Powerful Thana Faroq exhibition explores the lives of women refugees in the Netherlands

Organised by Darat Al Tasweer since 2011 in partnership with many local and international institutes, the Image Festival Amman brings together professional photographers from different countries, attracting and engaging a wide audience and creating opportunities for sustainable cultural exchanges.

How Shall We Greet the Sun project by the photographer Thana Faroq explores the personal narratives and complex emotional landscape of the lives of a small group of young women refugees living in the Netherlands. The work reflects on our life journeys, and it seeks to project forward toward futures both real and metaphorical.
Many of these women, including heryself, are in phases in life where they are challenged to
construct identities within new cultural contexts and geographies of power, as well as within
their memories and the nostalgic representations of the past they possess.

Thana aims to create a memory archive of our emotions and feelings that are often lost in histories of
migration and displacement, including nostalgia, not feeling much at all.

Her images are a way to respond to the changes that have been shaping and defining our life and sense of belonging both in our countries of origin and the Netherlands.
Thana spent the last two years documenting the aftermath that occurs after finding new soil to
safely step on.
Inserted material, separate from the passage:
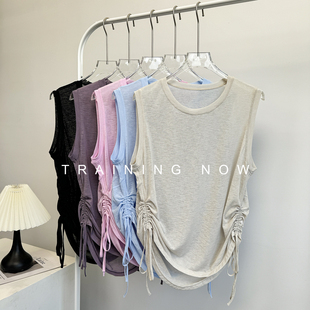 宽松薄款瑜伽服无袖背心女夏时尚修身跑步训练速干衣运动健身罩衫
Their physical belongings may not be theirs anymore, but the emotional
baggage that comes from the situational and physical process of relocation is free, sponsored
by life itself. “The images I produced explore the new day-to-day landscape of women. The
struggle of inserting yourself into society with its rules and contradictions, that may or may
not match what you used to know as safe and acquainted. Those women are in a kind of
archaeological restoration program, where they try to build and construct a new life over the
ruins of their past losses.”

A huge challenge is to define and understand who we are, and it’s tougher when you have to
decide how to assemble yourself and if change has a word in the saying. How to evolve and
not lose identity, or if you want to lose it, how do you define what you would be next? These
emotional battles are part of the evolving process of continuous change that these women
confront to find themselves again in a land that, with hope, could give them a chance to think
of a peaceful future for themselves and their families. Not just for the ones beside them but
for the members that are still on somber grounds.

Thana Faroq is a Yemeni photographer, writer and educator based in the Netherlands. She
works with photography, texts, and moving images as a way to respond to the changes that
have been shaping and defining her life and sense of belonging both in Yemen and the
Netherlands
Thana’s positioning as a photographer is informed by her reflections on her subject matter,
tuning in to other people’s lived experiences with which she continually grows familiar. She also
increasingly seeks her own story in the frame.
Her work mirrors her life and provides a visual echo of her voice as she gracefully negotiates
themes of memory, boundaries, and violence. Thana has a unique approach to working with
her subjects in that she regularly returns to them to continue sharing their journey. Many of
these migrant, stateless individuals were with Thana during her transitional period.
Amongst her honors, Thana was a recipient of the 2018 inaugural Open Society Foundation
Fellowship Grant and the 2019 Arab Documentary Fund supported by the Prince Claus Fund
and Magnum Foundation. In 2020 She was selected by the British Journal of photography as “
Ones to watch.”Thana also the recipient winner of FotoWien photo book award 2021
Thana received her BA in Government and International Relations from Clark University, and
MA Photography and Society at The Royal Academy of Art, The Hague.

How Shall We Greet the Sun exhibition at the Image Festival Amman Zara Centre from 4-31 May.